Tresor founder Dimitri Hegemann wants to open a techno museum in Berlin. Photo: Stephanie Pilick/dpa via Die Zeit

Berlin has earned its reputation as the techno capital of the world already in the 1990s and the city’s techno scene has only grown bigger ever since. It comes as no surprise then that Dimitri Hegemann, founder of the legendary club Tresor, wants to make things official by opening a techno museum in the German capital.

The news follows an announcement this past April that a Museum of Modern Electronic Music (MoMEM) is scheduled to open in Frankfurt in 2017.

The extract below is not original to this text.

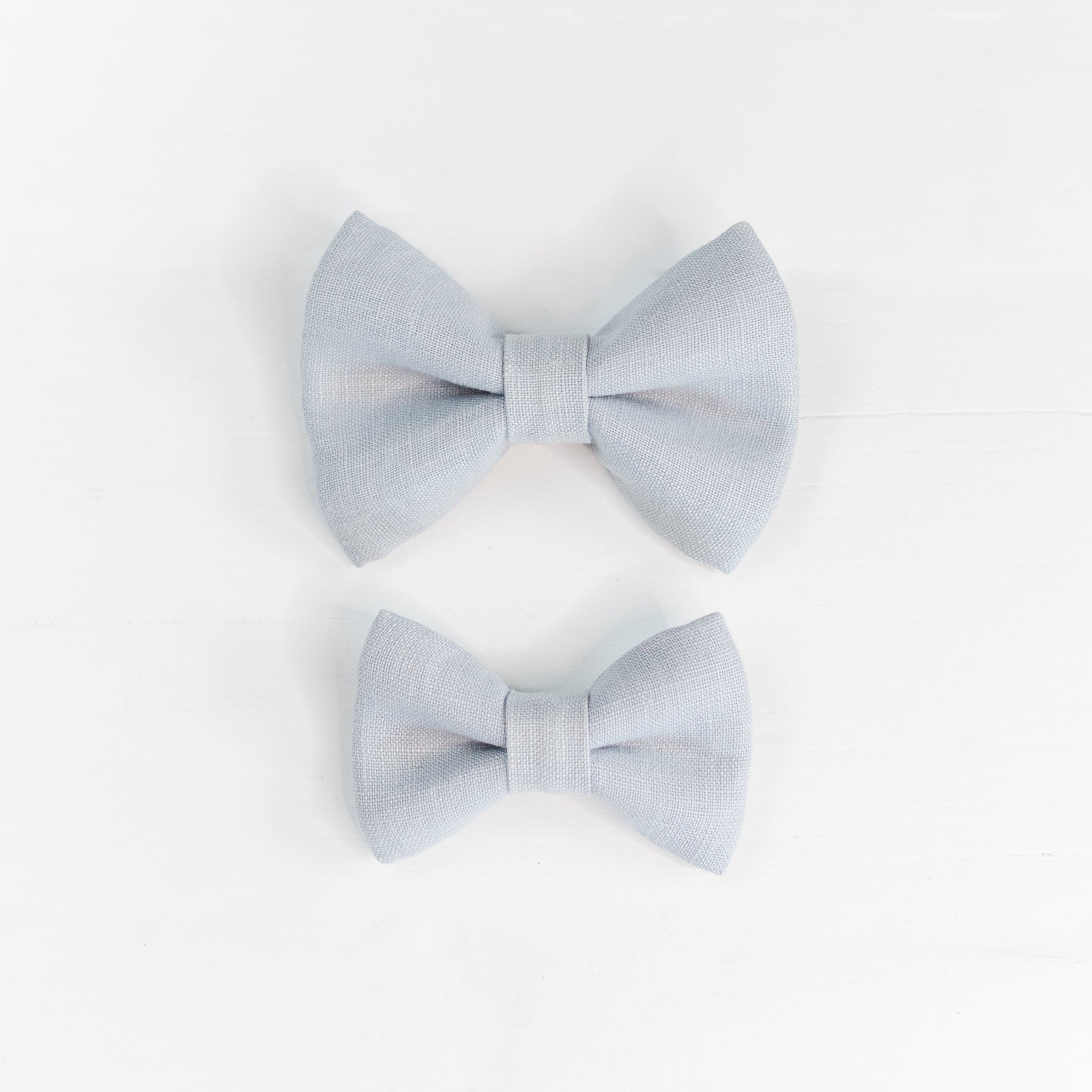 Two dog bow ties in blue linen.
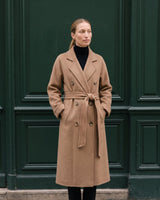 The Calvera double-breasted wool coat in khaki — front view on model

Not to be outdone, Hegemann is planning to open the Living Archive of Electronica a year earlier, in the fall of 2016, to coincide with the 25th anniversary of Tresor.

Berlin’s Tresor club has been legendary since the 1990s.
Photo: residentadvisor.net

Speaking to Insomniac, he said “I will call it the Living Archive of Electronica because techno here in Berlin is still a living, inspiring and vivid movement.”

Mixmag reported that the club and record-label owner is currently fundraising for the project.

However, the plans for a techno museum probably won’t go down very well with Berlin’s residents, who are upset about the commercialization of an underground movement that is reluctantly being thrust into the mainstream.

Art world figures including Chris Dercon and Maurizio Cattelan are both fans of Berlin’s Berghain club.
Photo: thevlyhouse.com

Since becoming synonymous with electronic music and hedonistic parties that go on for days, the city has attracted vast numbers of party tourists scornfully labelled the “EasyJet set” by locals, in reference to the inter-European budget airline.

These primarily young, thrill-seeking visitors have been blamed for most of the city’s ills including gentrification, rising rents, unemployment and being turned away from overcrowded clubs.

Fans of Berlin’s notorious nightlife include the Director of London’s Tate Modern, Chris Dercon who waxed lyrical about the techno temple Berghain only last month. Another self-proclaimed Berghain fan, Maurizio Cattelan told the New Yorker in May that his strategy is to go to the club “at, like, seven o’clock in the morning.”